The US Temperature Record 4: Data Flags
The data provided has flags you should understand. Definitions below are from the USHCN Status file.
Data Measurement Flag
blank = no measurement information applicable a-i = number of days missing in calculation of monthly mean temperature E = The value is estimated using values from surrounding stations because a monthly value could not be computed from daily data; or, the pairwise homogenization algorithm removed the value because of too many apparent inhomogeneities occuring close together in time.
Quality Control Flag
BLANK = no failure of quality control check or could not be evaluated. D = monthly value is part of an annual series of values that are exactly the same (e.g. duplicated) within another year in the station's record. I = checks for internal consistency between TMAX and TMIN. Flag is set when TMIN > TMAX for a given month. L = monthly value is isolated in time within the station record, and this is defined by having no immediate non- missing values 18 months on either side of the value. M = Manually flagged as erroneous. O = monthly value that is >= 5 bi-weight standard deviations from the bi-weight mean. Bi-weight statistics are calculated from a series of all non-missing values in the station's record for that particular month. S = monthly value has failed spatial consistency check. Any value found to be between 2.5 and 5.0 bi-weight standard deviations from the bi-weight mean, is more closely scrutinized by exmaining the 5 closest neighbors (not to exceed 500.0 km) and determine their associated distribution of respective z-scores. At least one of the neighbor stations must have a z score with the same sign as the target and its z-score must be greater than or equal to the z-score listed in column B (below), where column B is expressed as a function of the target z-score ranges (column A). ---------------------------- A | B ---------------------------- 4.0 - 5.0 | 1.9 ---------------------------- 3.0 - 4.0 | 1.8 ---------------------------- 2.75 - 3.0 | 1.7 ---------------------------- 2.50 - 2.75 | 1.6 W = monthly value is duplicated from the previous month, based upon regional and spatial criteria and is only applied from the year 2000 to the present. Quality Controlled Adjusted (QCA) QC Flags: A = alternative method of adjustment used. M = values with a non-blank quality control flag in the "qcu" dataset are set to missing the adjusted dataset and given an "M" quality control flag.
Data Source Flag
Blank = Value was computed from daily data available in GHCN-Daily Not Blank = Daily data are not available so the monthly value was obtained from the USHCN version 1 dataset.
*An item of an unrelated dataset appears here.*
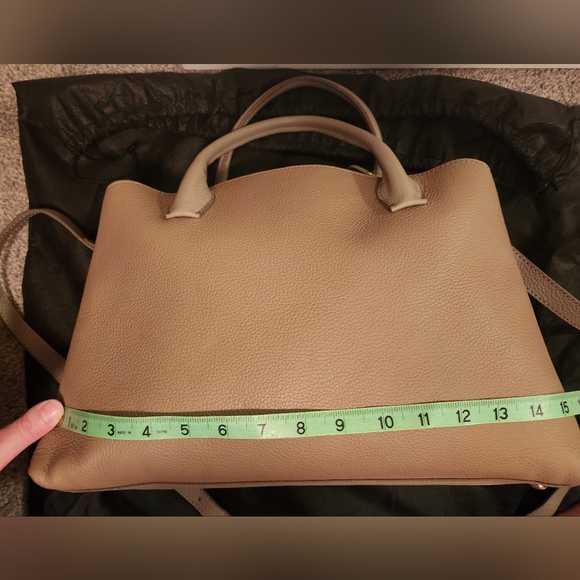 Iacucci Pebbled Italian Leather Tote Satchel Handbag in Stone Beige;New w/o Tags - Picture 9 of 16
The possible Version 1 DSFLAGS are as follows: 1 = NCDC Tape Deck 3220, Summary of the Month Element Digital File 2 = Means Book - Smithsonian Institute, C.A. Schott (1876, 1881 thru 1931) 3 = Manuscript - Original Records, National Climatic Data Center 4 = Climatological Data (CD), monthly NCDC publication 5 = Climate Record Book, as described in History of Climatological Record Books, U.S. Department of Commerce, Weather Bureau, USGPO (1960) 6 = Bulletin W - Summary of the Climatological Data for the United States (by section), F.H. Bigelow, U.S. Weather Bureau (1912); and, Bulletin W - Summary of the Climatological Data for the United States, 2nd Ed. 7 = Local Climatological Data (LCD), monthly NCDC publication 8 = State Climatologists, various sources B = Professor Raymond Bradley - Refer to Climatic Fluctuations of the Western United States During the Period of Instrumental Records, Bradley, et. al., Contribution No. 42, Dept. of Geography and Geology, University of Massachusetts (1982) D = Dr. Henry Diaz, a compilation of data from Bulletin W, LCD, and NCDC Tape Deck 3220 (1983) G = Professor John Griffiths - primarily from Climatological Data
Most of these flags I ignore because they either won't change the annual averages or they are the consequence of an opinion. The only flag I care about is the I flag, meaning the reported Tmin is larger than the Tmax for that month. I'll report later how many flags there are in the example dataset I'll use.